▶ [Extracted data entries]
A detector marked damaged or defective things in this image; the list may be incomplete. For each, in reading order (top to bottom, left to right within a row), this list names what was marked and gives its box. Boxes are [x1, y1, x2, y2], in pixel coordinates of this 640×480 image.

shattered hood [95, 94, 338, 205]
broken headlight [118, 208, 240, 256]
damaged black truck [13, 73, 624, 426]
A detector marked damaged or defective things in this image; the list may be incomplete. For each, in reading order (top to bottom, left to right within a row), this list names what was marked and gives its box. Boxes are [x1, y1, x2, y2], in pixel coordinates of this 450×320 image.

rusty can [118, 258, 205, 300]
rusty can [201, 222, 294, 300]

▶ [Exercise requirements] Return each line above exactly.

▶ [Response to the task]
A detector marked damaged or defective things in this image; the list may be incomplete. For each, in reading order (top to bottom, left to right within a row), this list names what was marked and gives its box. Boxes are [x1, y1, x2, y2], in pixel coordinates of this 640×480 image.

shattered hood [95, 94, 338, 205]
broken headlight [118, 208, 240, 256]
damaged black truck [13, 73, 624, 426]
A detector marked damaged or defective things in this image; the list may be incomplete. For each, in reading order (top to bottom, left to right within a row), this list names what was marked and gives its box. Boxes are [x1, y1, x2, y2], in pixel coordinates of this 450×320 image.

rusty can [118, 258, 205, 300]
rusty can [201, 222, 294, 300]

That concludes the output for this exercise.